And let's further imagine that we have some way, perhaps, for isotopic labeling of the oxygens in the water to differentiate from those that start out on the metal complex.
And so I am differentiating here by using a green color for the oxygen in a liquid water solvent.
And in this reaction, it is a very simple reaction in which liquid water from solution, -- -- we are going to talk about reaction mechanisms today, somehow will come in and bind to the metal center and displace one water molecule from the metal center.
And I will represent that here by saying that we would lose that one water molecule that I've colored this way.
And that gives us our product, which is very similar to the starting material in this case, -- -- except that one water molecule, the one here colored green, has replaced one of the others.
And when we look at this type of reaction as a function of which 3d transition element we have at the center of the octahedron, we find that the time constant for this reaction taking place varies quite dramatically.
And this is informative with respect both to the mechanism of the reaction, as we will discuss, and to the electronic structure attributes of the systems that control the way a metal binds to its ligands.
And so, for example, let's make a little table of the metal n plus.
And we will take the log of the rate constant for the reaction, which I will denote with this k.
Small k is going to be our rate constant.

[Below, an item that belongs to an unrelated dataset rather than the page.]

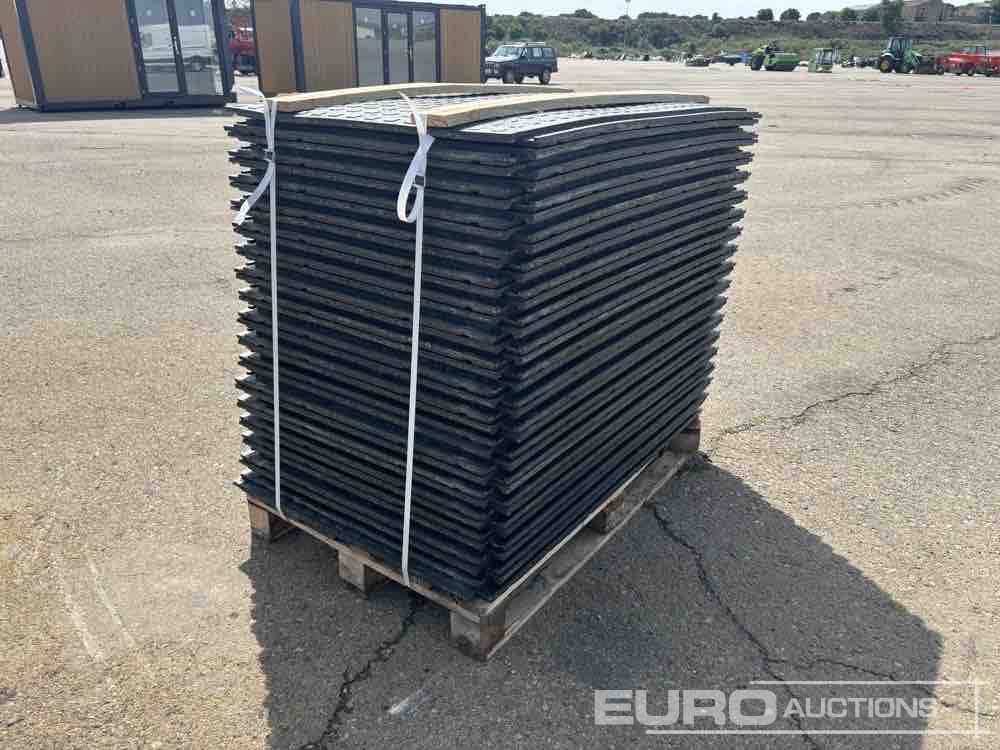 Pallet of Plastic Connectable Road Plates, 1200x800x28mm, 22kg per Plate (35 of) - Construction equipment: picture 1 Pallet of Plastic Connectable Road Plates, 1200x800x28mm, 22kg per Plate (35 of) - Construction equipment: picture 1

And the units that we would find for such a rate constant would be reciprocal seconds to describe how fast this takes place. And, if we start down here at chromium three plus, we would find that the log of the rate constant is approximately minus 6.
And then, if we went to vanadium two plus, the rate constant log goes to minus 2.
So the reaction is faster than it is for chromium three.
And then, if we look at some of the other d ions that are possible here, we could have chromium two plus or copper two plus.
And, for both of those, the log of the rate constant is You can see, because I am taking the log of these first order rate constants, the actual rates of these processes differ here by 15 orders of magnitude.
That is an enormous difference. So it is not true that whatever metal ion you have at the center, the rate at which water comes on and off and it exchanges with water from solution is about the same. It is not.
It differs over an enormous range of actual rates, many orders of magnitude, depending on exactly which metal ion you have here. And so I will classify these as either slow or fast. And we will say that here, we are slow. And here we are fast.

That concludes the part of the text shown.